Population genetics explores genetic differences both within and between populations and individuals over time. This primarily encompasses the quantitative study of genotypes and phenotypes within the context of historical demography. Improved next generation sequencing technologies, increased scalability in genetic data processing, coupled with impressive global data sharing initiatives provide unprecedented research opportunities, allowing us to understand the links between ancestry, genetics and health outcomes.
Our center’s overall goal is to characterize human genetic ancestry in order to inform better models for clinical medicine.
Worldwide frequency of the Steel Syndrome variant (Belbin et al., eLife, 2017)
We achieve this using advanced statistical and probabilistic modeling and inference to determine genetic associations, subpopulations and relatedness. The genetic diversity observed in modern metropolitan communities, such as New York City, provides an exciting opportunity to improve the resolution of human populations at a genetic level. These are crucial steps in improving functional gene discovery in global populations. This in turn will further our understanding the genetic basis of disparities in disease prevalence and burden across populations and within the the healthcare system.
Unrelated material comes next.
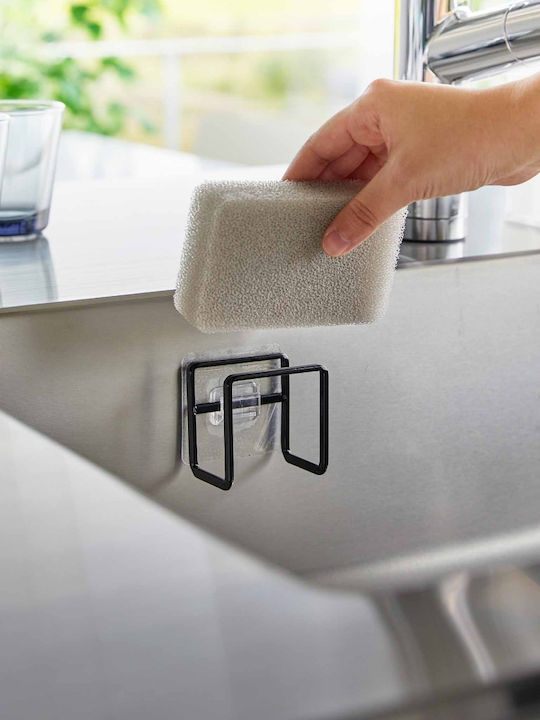 Yamazaki Sponge Holder Made of Black Stainless Steel 6cm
Exploratory paradigms in health research science
Exploratory genetic studies look for statistical relationships between genetic differences in people and the various traits that they have. One of the most common approaches to accomplish this is a genome-wide association study (GWAS): where we look for a genetic variant (or variants) that occurs more frequently in people with a particular disease than in people without the disease. We can also switch this around: focusing on genetic variants that are suspected to be clinically relevant, then investigating whether these variants influence any of the observable characteristics, called phenotypes, that are captured in electronic health records. This method is known as a phenome-wide association study (PheWAS). Associations from these sorts of exploratory tests can then be evaluated in a more focused study, and be used to improve clinical care.
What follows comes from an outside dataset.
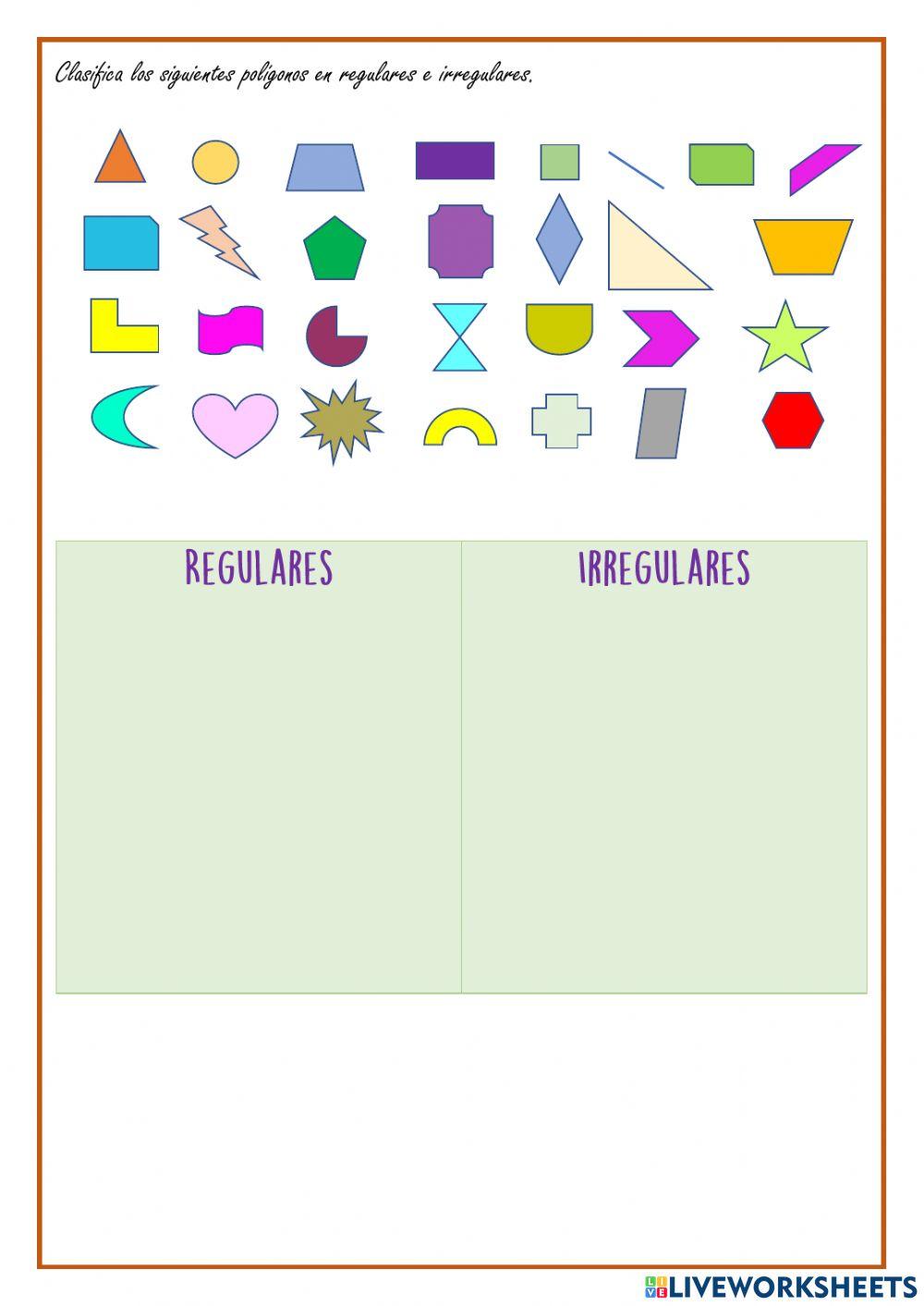 Poligonos regulares e irregulares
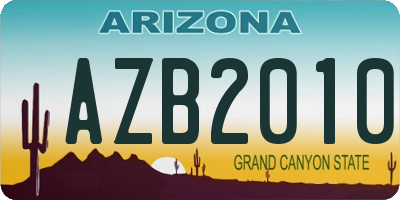 AZ license plate AZB2010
Identity-by-Descent for Fine-scale Ancestry Inference
We are interested in exploring demographic patterns using segments of the genome inherited identically between individuals from a recent, shared common ancestor. These shared segments of the genome are known as segments inherited Identical-By-Descent (i.e IBD), and can be used to re-construct population-scale pedigrees of genetic relatedness between many individuals. Exploring patterns within these pedigrees can allow us to identify groups of people that are statistically enriched for the sharing of many recent, common ancestors. This genealogical characteristic is strongly correlated with recent, shared fine-scale geographical or cultural origin. Recent shared ancestry is important from a genetic standpoint because many variants of clinical interest tend to be extremely rare globally, but are sometimes more common than expected at a local scale among people who share recent ancestry.
The characteristic of rare, clinically relevant variants segregating at high frequencies locally can be further exacerbated when populations have undergone demographic processes such as the rapid reduction in the number of individuals in a population, leading to reduced genetic diversity (a phenomenon known as a founder effect). By quantifying patterns of IBD sharing within groups, it is possible to make inferences about whether these processes have played a role in their demographic history, and in turn the likelihood that these populations may harbour disease-causing variants at a frequency that may inform public health policy (i.e. population screening).
Phenome-Wide Exploration of Health Disparities using Electronic Health Records
Population-level disparities in diseases and drug response are known to exist between groups for a variety of diseases. The reasons for health disparities are complex, with many potential underlying causes, including environmental, socio-economic and cultural factors, as well as genetics. Understanding health disparities between populations has important implications for health care and health policy. Historical approaches to medicine and healthcare have not considered the need for a personalized approach to account for such differences in etiology. One aspect of research within the centre seeks to identify patterns of enrichment of clinical phenotypes within the Electronic Health Records
(EHR) of BioMe participants at Mount Sinai. An example of this is “Ancestry PheWAS” analysis which identifies health disparities in an automated fashion by measuring statistical enrichment of medical billing (ICD-9) codes related to clinical phenotypes within fine scale ancestral communities. This community centric approach can find enrichment of disease phenotypes in a given ancestry. Following this further association testing based on ancestry haplotypes uncover if there is a genetic contribution to the observed differences in disease prevalence.
Biobank-scale real-time pharmacogenomics
Through collaborations with medical departments at the Mount Sinai Hospital, we’re investigating the genetic basis underlying differences in responses to drugs commonly administered during surgery, with the ultimate goal of providing patients with personalized recommendations based on their genetic profile.
As drugs interact with each other but are also impacted by patients medical history and clinical characteristics, we take into account every patient’s full electronic health record as well as their genetic profile. We combine all of this information through state-of-the-art statistical genetics methods, which allow us to highlight differences between patients, show how different groups of patients react strongly to certain drugs, and customize treatments for every patient.